The Abraham Accords were, at their inception, a project for normalizing Israel’s relations with Arab states; yet in the strategic logic of the United States and Tel Aviv, they have always signified something far more profound than “Middle Eastern peace” — a mechanism for reconfiguring Eurasia’s security architecture along nontraditional axes of power. Kazakhstan’s inclusion — an Islamic polity possessing a geostrategic locus between Russia and China — signifies, in essence, the transference of the pact’s gravitational center from the Middle East to Central Asia, a region that in recent years, particularly after the Ukrainian conflict, has metamorphosed into an arena of ideological and economic contention among the great powers.
At present, the Abraham Accords have evolved into a polymorphic instrument for soft influence and geopolitical engineering. From the perspective of the United States, this trajectory represents a conduit for geocultural and technological infiltration into territories hitherto under the economic hegemony of China and the security dominion of Russia. For Israel, it constitutes a step toward the construction of a consortium of amicable states encircling Iran and Russia — an echo of Ben-Gurion’s archaic logic of “the alliance of the periphery”.

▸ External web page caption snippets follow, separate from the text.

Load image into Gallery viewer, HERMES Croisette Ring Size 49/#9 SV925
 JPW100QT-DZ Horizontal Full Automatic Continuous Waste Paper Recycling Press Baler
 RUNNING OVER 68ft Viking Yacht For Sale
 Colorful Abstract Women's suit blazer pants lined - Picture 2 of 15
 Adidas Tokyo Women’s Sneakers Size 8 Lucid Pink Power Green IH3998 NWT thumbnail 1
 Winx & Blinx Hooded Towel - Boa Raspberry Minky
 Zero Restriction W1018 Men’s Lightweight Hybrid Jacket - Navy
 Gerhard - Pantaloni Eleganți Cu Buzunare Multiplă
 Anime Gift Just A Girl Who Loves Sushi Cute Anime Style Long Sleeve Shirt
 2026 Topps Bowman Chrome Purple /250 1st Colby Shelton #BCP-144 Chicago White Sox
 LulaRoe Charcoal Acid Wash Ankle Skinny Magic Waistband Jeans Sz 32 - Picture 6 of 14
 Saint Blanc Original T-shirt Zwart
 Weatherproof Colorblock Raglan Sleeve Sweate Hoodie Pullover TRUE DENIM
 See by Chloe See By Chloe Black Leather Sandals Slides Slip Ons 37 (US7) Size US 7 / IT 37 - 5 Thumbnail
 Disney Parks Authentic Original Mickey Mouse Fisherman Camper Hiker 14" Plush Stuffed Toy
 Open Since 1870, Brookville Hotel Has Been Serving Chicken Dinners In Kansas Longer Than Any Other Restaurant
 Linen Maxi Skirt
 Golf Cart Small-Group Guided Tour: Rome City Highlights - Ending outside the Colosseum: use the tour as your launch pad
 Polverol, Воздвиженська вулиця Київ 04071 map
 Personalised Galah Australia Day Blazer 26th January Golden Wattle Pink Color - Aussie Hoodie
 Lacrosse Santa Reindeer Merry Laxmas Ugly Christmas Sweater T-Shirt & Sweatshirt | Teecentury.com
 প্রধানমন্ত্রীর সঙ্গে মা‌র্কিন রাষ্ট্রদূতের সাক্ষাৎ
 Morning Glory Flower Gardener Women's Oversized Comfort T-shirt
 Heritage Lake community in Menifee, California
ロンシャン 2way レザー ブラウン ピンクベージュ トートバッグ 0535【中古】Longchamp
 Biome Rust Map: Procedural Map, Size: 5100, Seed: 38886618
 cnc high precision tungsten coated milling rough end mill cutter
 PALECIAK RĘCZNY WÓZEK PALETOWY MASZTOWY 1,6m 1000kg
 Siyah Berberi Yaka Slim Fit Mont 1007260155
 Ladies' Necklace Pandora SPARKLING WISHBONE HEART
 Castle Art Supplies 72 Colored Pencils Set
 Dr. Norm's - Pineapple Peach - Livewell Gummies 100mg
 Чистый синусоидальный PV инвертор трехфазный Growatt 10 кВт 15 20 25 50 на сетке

While China constructs, from the East, a web of economic influence through its Belt and Road initiative, and Russia, subsequent to the war in Ukraine, struggles to preserve its sway over the former Soviet republics, the United States and Israel, through the Abraham Accords, seek to engender a kind of soft belt of technological, educational, and informational cooperation surrounding these two powers. This intangible belt complements China’s tangible one, yet possesses a cultural and digital essence; instead of roads and railways, it operates through investments in energy, data technology, cybersecurity, and education. Within this dynamic, Kazakhstan becomes the gateway for the West’s gradual permeation into Central Asia — a region until recently revolving predominantly within Moscow’s and Beijing’s orbits. For Israel, this accession represents an epochal opportunity to transcend the Middle Eastern framework and advance into the heart of Eurasia — the very juncture where the two colossal powers, China and Russia, converge.
At the substratum of this process lies a discernible revival of Ben-Gurion’s historical doctrine — a security paradigm emphasized by Israel’s founding father, predicated upon alliances with non-Arab peripheries to contain Arab adversaries. Ben-Gurion contended that Israel’s security could be ensured solely through the subtle encirclement of its enemies — by forging a ring of non-hostile states and minorities surrounding the Arab world.
In the 1950s and 1960s, this strategy materialized through close relations with Pahlavi Iran, Turkey, and Ethiopia. Today, that same doctrine is reincarnated in a novel form: the instruments of coercion are supplanted by technology, data, economics, and cultural narrative. Israel no longer requires the assertion of military might or direct border presence to delineate its security; instead, by infiltrating the soft infrastructures of states — from education to technology and cybersecurity — it pursues the same objective with diminished expenditure and amplified efficacy. In this sense, the Abraham Accords are not merely a political covenant but a mechanism for reconstructing Ben-Gurion’s “peripheral axis” on a global scale.
Kazakhstan’s adherence to this pact, beyond altering the equilibrium among the great powers, bears immediate repercussions for regional actors such as Iran, China, and Russia. For Iran, the development signifies the amplification of Israeli influence to its northern frontier — a region of acute security, intelligence, and transit significance. Israel’s formal presence in Kazakhstan grants access to economic data, energy routes, and even social intelligence within the Caspian domain, potentially enfeebling Iran’s strategic depth in Central Asia.
For China, these transformations denote the emergence of a subtle rival along the margins of the Belt and Road project. The West and Israel, leveraging technology, media, and education, are constructing a cultural stratum of influence that could contest the Chinese developmental paradigm.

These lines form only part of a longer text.